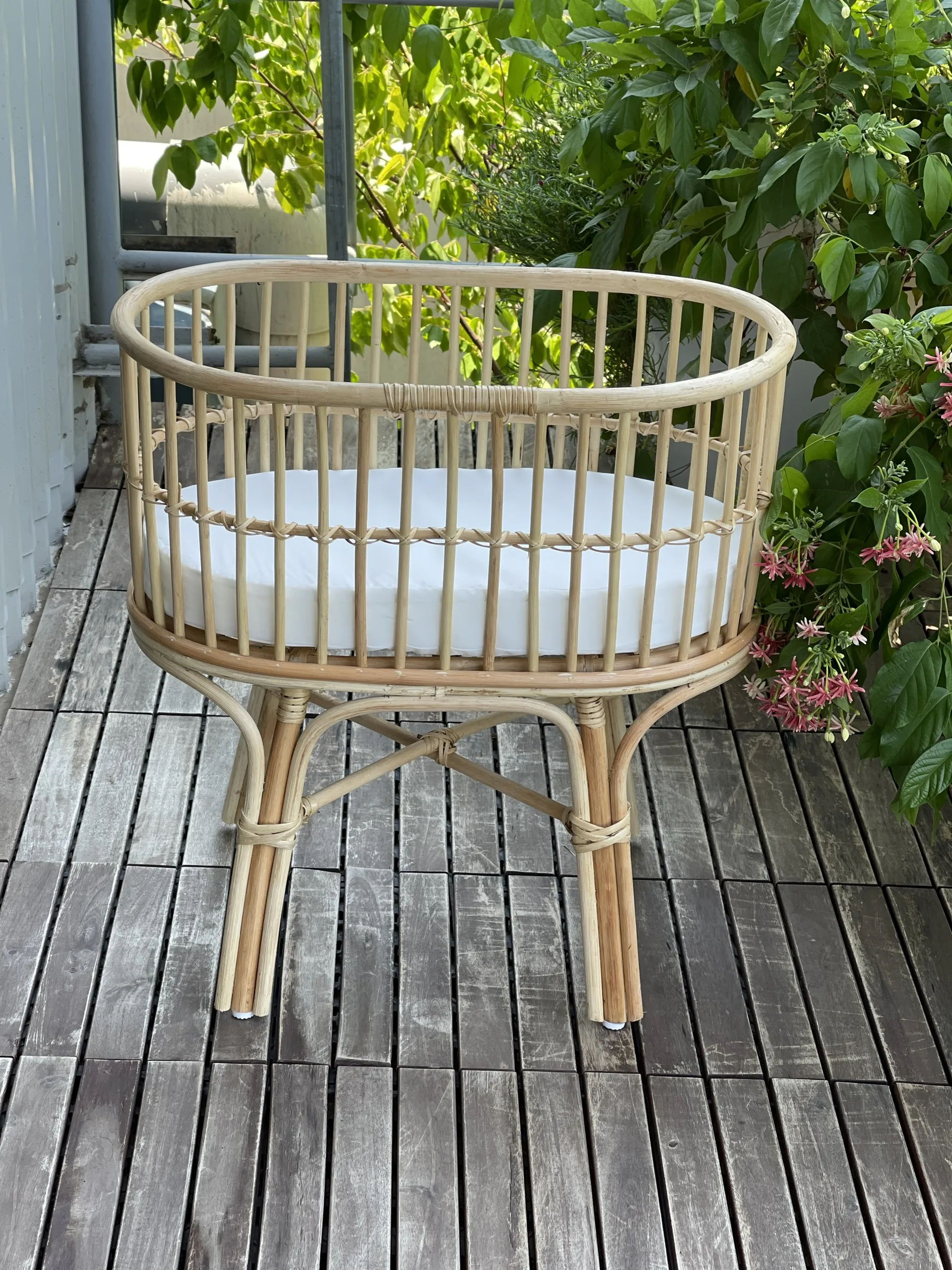 Vietnam manufacturer rattan doll crib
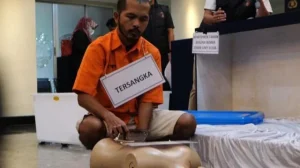 Bocah 9 Tahun Menyambut Ayah yang Pulang usai Ditawan Israel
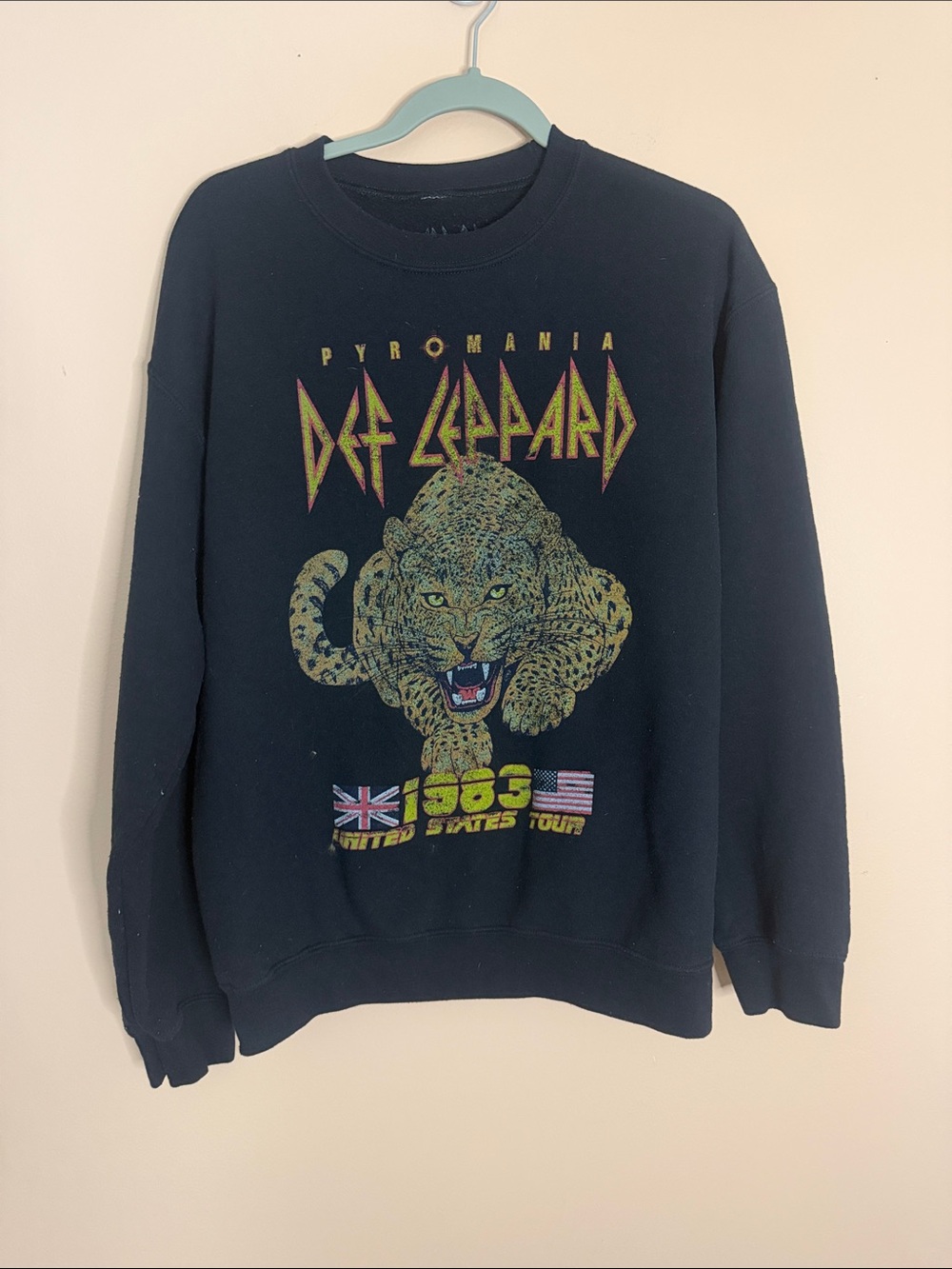 Def Leppard Pyromania Graphic Crewneck Sweater - Black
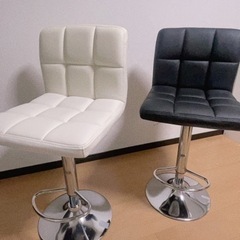 使用回数1回の美品！！の椅子の画像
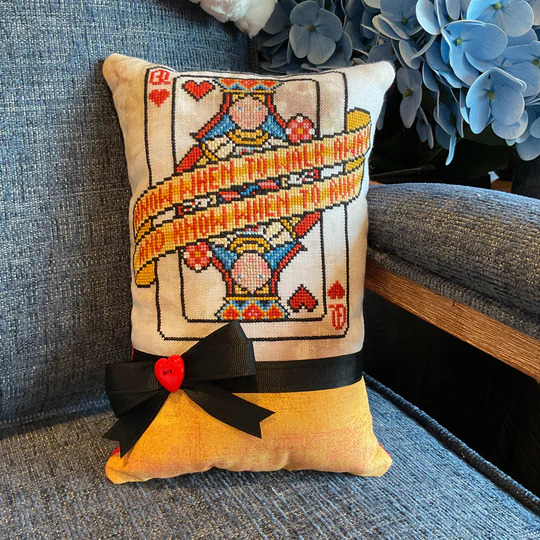 Queen of Hearts - Cross Stitch Pattern
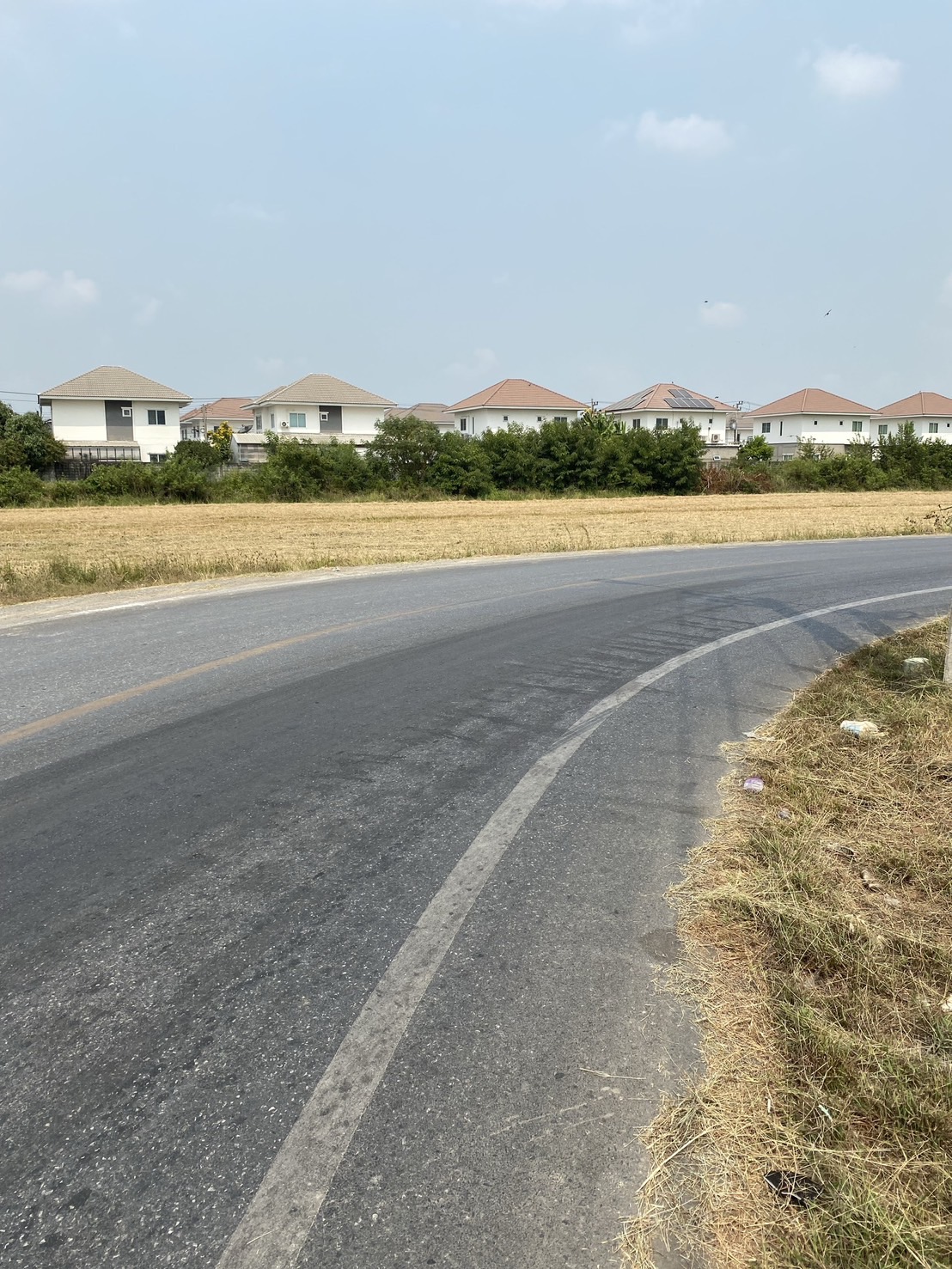 ขายที่ดินเปล่าติดถนน ทำเลทอง อำเภอลำลูกกา จังหวัดปทุมธานี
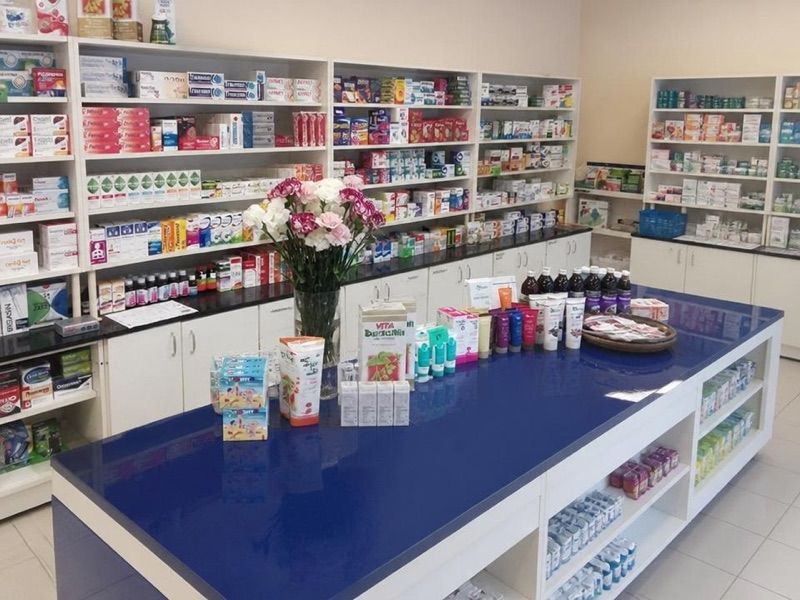 Apteka Medest AGKS I Bałuty, sklep przy dworcu Łodź Fabryczna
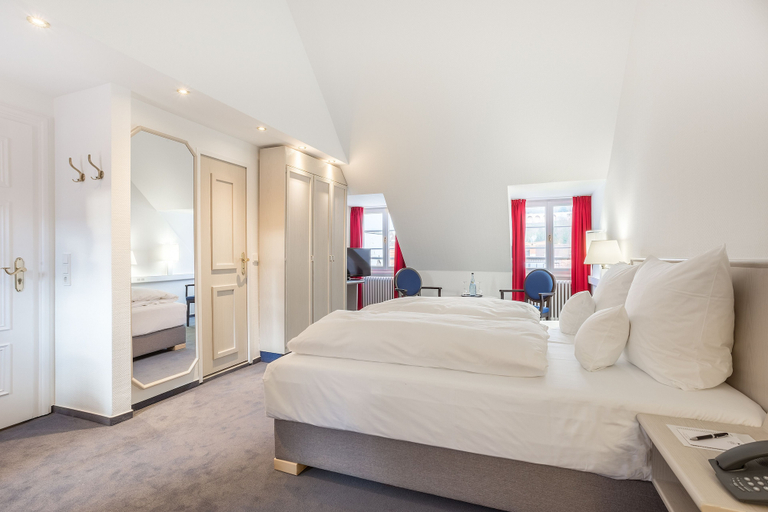 Bedroom 2, Hotel Zum Ritter St. Georg, Heidelberg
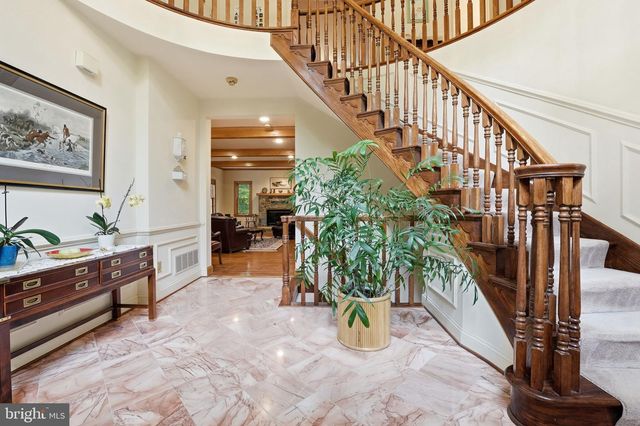 8605 CHERRY DR, Fairfax, VA 22031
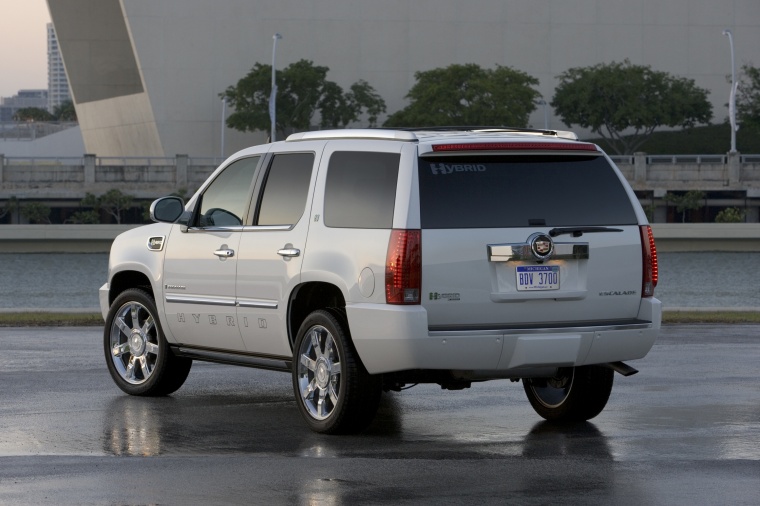 2011 Cadillac Escalade Hybrid Picture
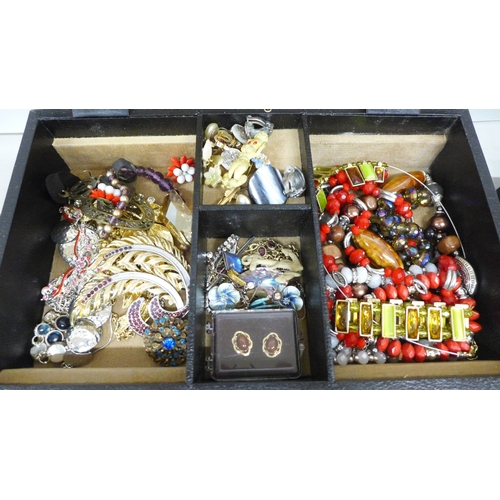 2039 - A box of costume jewellery including rings, earrings, necklaces, etc.
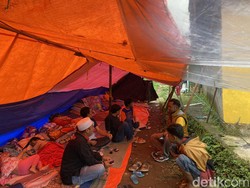Alasan Warga Enggan Tempati Posko Pengungsian Kemensos di Sukabumi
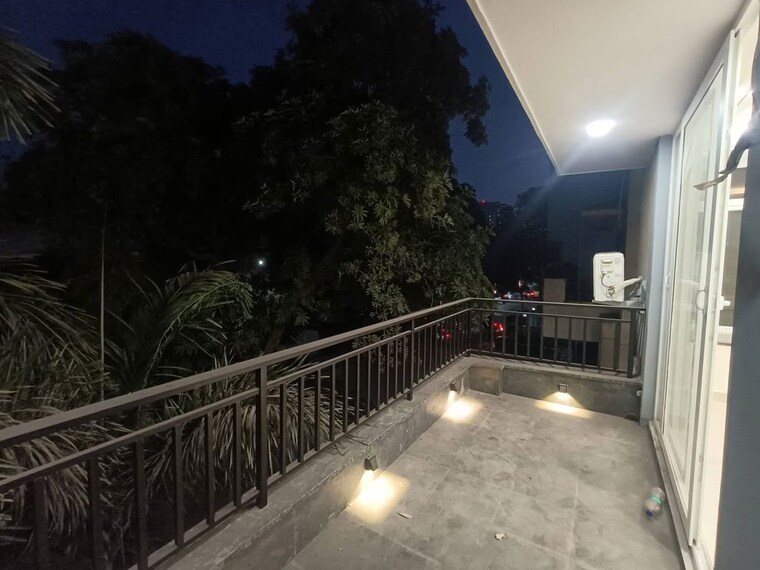 Balcony, chattarpur 3 Bedroom 1400 Sq.Ft. Apartment In Chattarpur Delhi 10566224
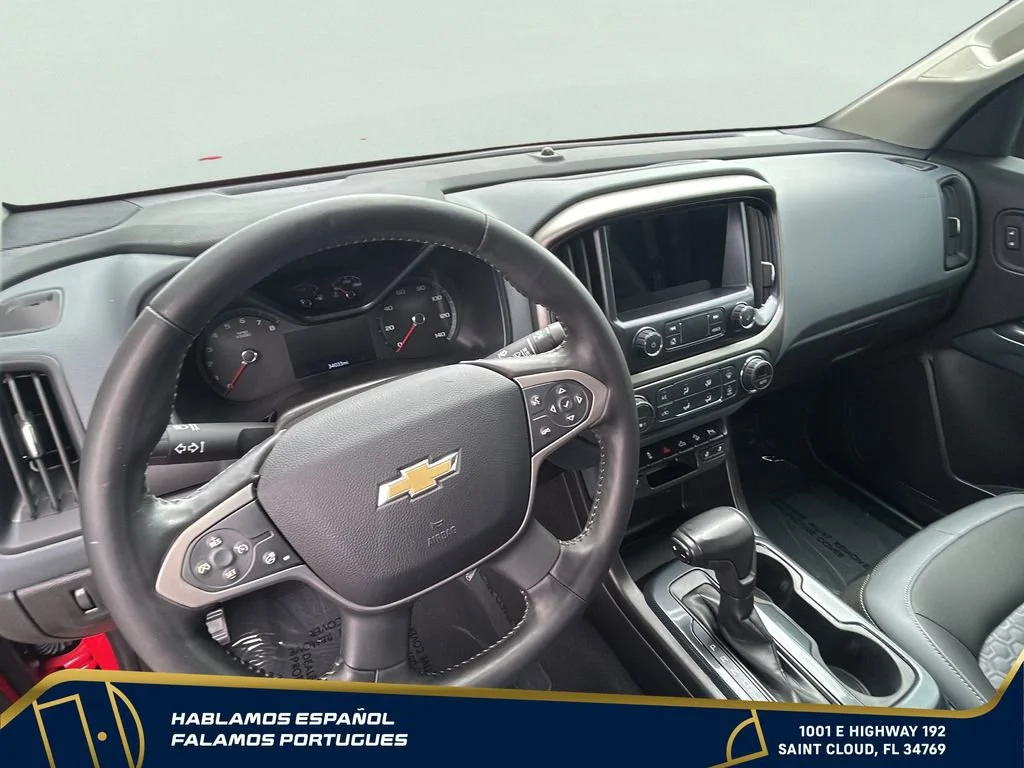 Used 2019 RED HOT Chevrolet 2WD Z71 image 15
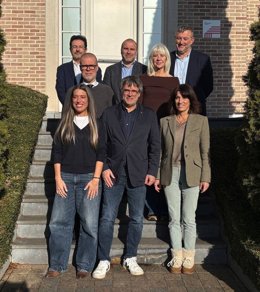 L'expresident i líder de Junts, Carles Puigdemont, amb els 7 diputats del partit al Congrés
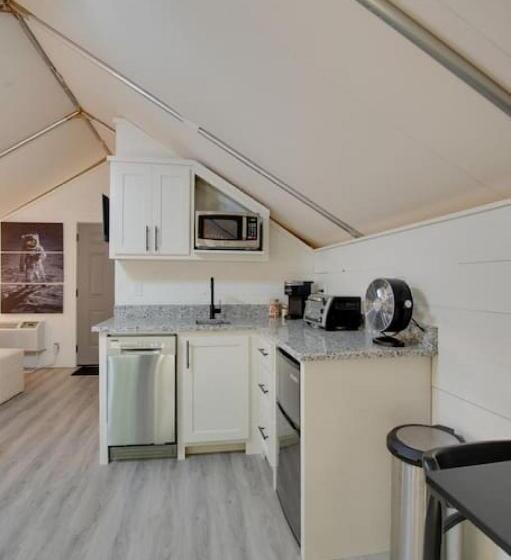 אתר נופש Launch Pad Luxury Glamping Tent Space Theme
--------------------
# [What the exercise asks]
From the line with "2039 - A box" down to the last line of the entries above, set down every line exactly, apart from the pictures.

# [Output of the exercise]
 2039 - A box of costume jewellery including rings, earrings, necklaces, etc.
Alasan Warga Enggan Tempati Posko Pengungsian Kemensos di Sukabumi
 Balcony, chattarpur 3 Bedroom 1400 Sq.Ft. Apartment In Chattarpur Delhi 10566224
 Used 2019 RED HOT Chevrolet 2WD Z71 image 15
 L'expresident i líder de Junts, Carles Puigdemont, amb els 7 diputats del partit al Congrés
 אתר נופש Launch Pad Luxury Glamping Tent Space Theme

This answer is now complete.